Logging The logging agent monitors system events through the event scheduler and writes messages to a log database. Each instance of the logging agent can be configured to monitor specific events, so that different types of logs can be created.
Performance Log: a log of the response time for each user access;
Knowledge Log: a log of accesses to content, including search requests;
Access; a log of successful user authentication requests, or logins;
Security: a log of successful and unsuccessful user authentication requests and denials of service;
The logging agent is additionally responsible for importing logs from various other components of the system including HTTP and RDBMS logs.
Auditing
Auditing agents check the validity of the content according to a specified set of rules. The auditing agent is invoked by other agents submitting content.

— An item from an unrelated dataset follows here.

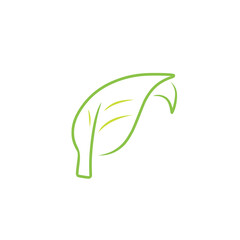 leaf logo design
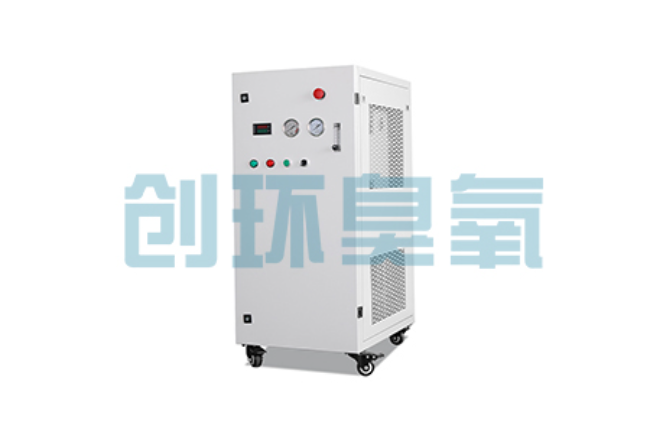 延边朝鲜族比传统换水更高效?臭氧发生器在石斑鱼养殖中的水质净化原理解析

Auditing is a stage in the production process and is performed automatically in conjunction with other content managers. The auditing agent may also scan existing content to check rules which cannot be tested at submission. One example is the rule which invalidates out-of-date content.
Interfaces (APIs)
A key element of the design of the system is the design of the interfaces which allow the system components to interoperate. To support current and future needs adequately, care must be taken to develop interfaces that are flexible and adaptable.
Content Interface
The content interface provides a uniform mechanism for accessing content. The interface is implemented by objects created by content management agents (repository content) and agents (dynamic content).
While the content interface is extensible, several fundamental aspects of the content interface; e.g. retrieval, storage, traversal, and searching must be implemented to provide base level functionality.
Retrieval
All objects which provide content implement an interface which provides access to attribute and rendition data. The retrieval interface provides a facility for determining the availability and fidelity of renditions.
Storage
All objects which store content implement an interface which allows data values to be assigned to attributes and renditions. Assignments can be used to modify the metadata or renditions associated with a particular content name. Assigning to a source rendition and assigning to a derived rendition are distinguished. The former is an update of the content which causes other renditions to be out-of-date, while the latter is the result of a manual rendition conversion.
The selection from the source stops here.